O jogo original, de acordo com sua sinopse oficial, é descrito como uma experiência aberta, baseada na criatividade e na exploração. Ambientado em um mundo virtual expansivo e, teoricamente, infinito, Minecraft permite ao jogador construir, modificar e interagir com o ambiente de maneira livre. Com modos como o Sobrevivência, que demanda coleta de recursos e enfrentamento de ameaças, e o Criativo, que proporciona liberdade total de
construção sem limitações, o jogo propõe uma experiência menos guiada por objetivos fixos e mais centrada na liberdade do usuário.

Para aqueles que acompanharam o desenvolvimento dos jogos eletrônicos ao longo das décadas, a ausência de elementos tradicionalmente valorizados como uma narrativa densa, objetivos bem definidos, dificuldade progressiva, heróis emblemáticos e valores universais como coragem, amizade e justiça pode causar estranhamento. É sintomático que, em meio a um cenário pós-Final Fantasy, The Legend of Zelda e Dark Souls, Minecraft
tenha se tornado um dos maiores sucessos comerciais da atualidade, apesar de apresentar uma estrutura menos complexa que jogos lançados nas décadas de 1980 e 1990, período em que os recursos tecnológicos eram significativamente mais limitados.

Nesse sentido, Minecraft pode ser visto como uma experiência superficial, com estética simplificada e feia, pouca exigência cognitiva e ausência de arcos narrativos ou desafios significativos. O jogo, segundo essa visão, funcionaria mais como um passatempo confortável do que como uma experiência envolvente ou transformadora. Ao transpor esse universo para o cinema, a adaptação segue uma lógica semelhante. A obra fílmica assume um tom assumidamente infantil, com forte apelo visual e narrativo voltado para o público jovem, mas que, em sua execução, recai em diversos clichês e estereótipos já exaustivamente utilizados em narrativas contemporâneas. A desconstrução de arquétipos clássicos como o herói forte, o vilão intimidador ou o nerd socialmente excluído é feita de forma previsível, sem grandes inovações, e muitas vezes acompanhada por uma comédia genérica, diálogos excessivamente explicativos e tentativas visivelmente forçadas de representatividade, que não contribuem em nada para o desenvolvimento da trama.

A direção do filme se mostra pouco inventiva, com referências visuais que tentam emular certos estilos autorais, mas que não se sustentam em termos de linguagem cinematográfica própria.

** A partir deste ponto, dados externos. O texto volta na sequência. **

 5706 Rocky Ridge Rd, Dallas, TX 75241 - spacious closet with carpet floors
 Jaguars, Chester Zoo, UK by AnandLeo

O resultado é uma produção tecnicamente funcional, porém carente de identidade artística e ambição narrativa.

O fracasso recorrente de filmes baseados em jogos pode, em parte, ser atribuído à falta de comprometimento das produções com a essência dos jogos que adaptam. Muitas vezes, o nome do jogo é utilizado apenas como um chamariz comercial, em detrimento de um aprofundamento genuíno na proposta original da obra. Em Minecraft, esse problema se evidencia na incapacidade do filme de transpor para o cinema a característica mais marcante
do jogo: a participação ativa e criativa do jogador. Ao transformá-la em uma narrativa linear, o filme anula justamente aquilo que fez o jogo se destacar sua natureza aberta, interativa e não prescritiva.

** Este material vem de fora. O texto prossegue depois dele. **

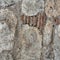 Granite texture, stone wall surface closeup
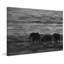 Parvez Taj - Wrapped Canvas Print-15986631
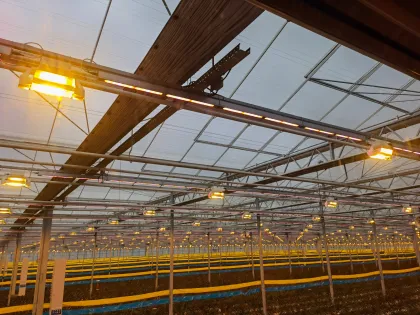 Plant LED Supplemental Lighting System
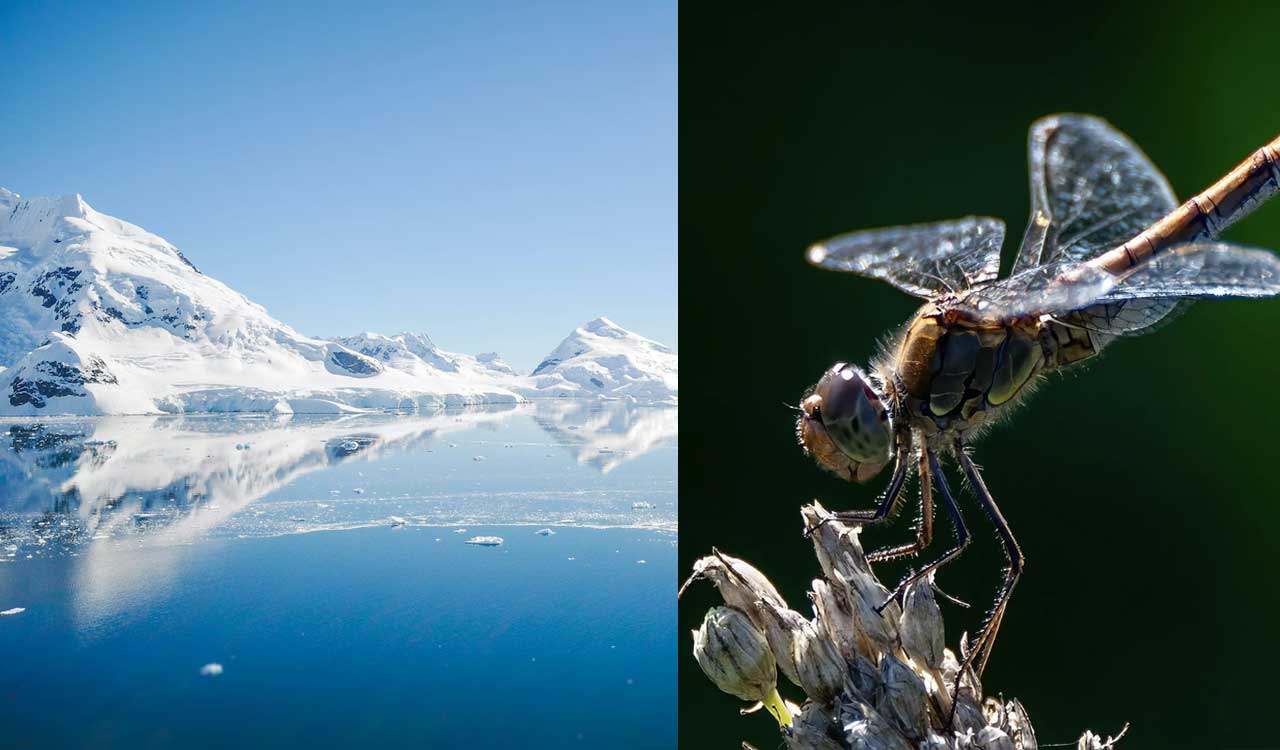How insects, smallest animals survive Antarctica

Por fim, embora a classificação da obra como "infantil" seja justificada, é problemático utilizar essa designação como desculpa para a ausência de qualidade artística ou inovação. O cinema voltado para crianças possui inúmeros exemplos de produções sofisticadas, sensíveis e inventivas. Portanto, o fato de um filme ser destinado ao público infantojuvenil não deve, em hipótese alguma, ser pretexto para a mediocridade estética ou narrativa, como parece que será o pretexto para a baixa qualidade de Minecraft.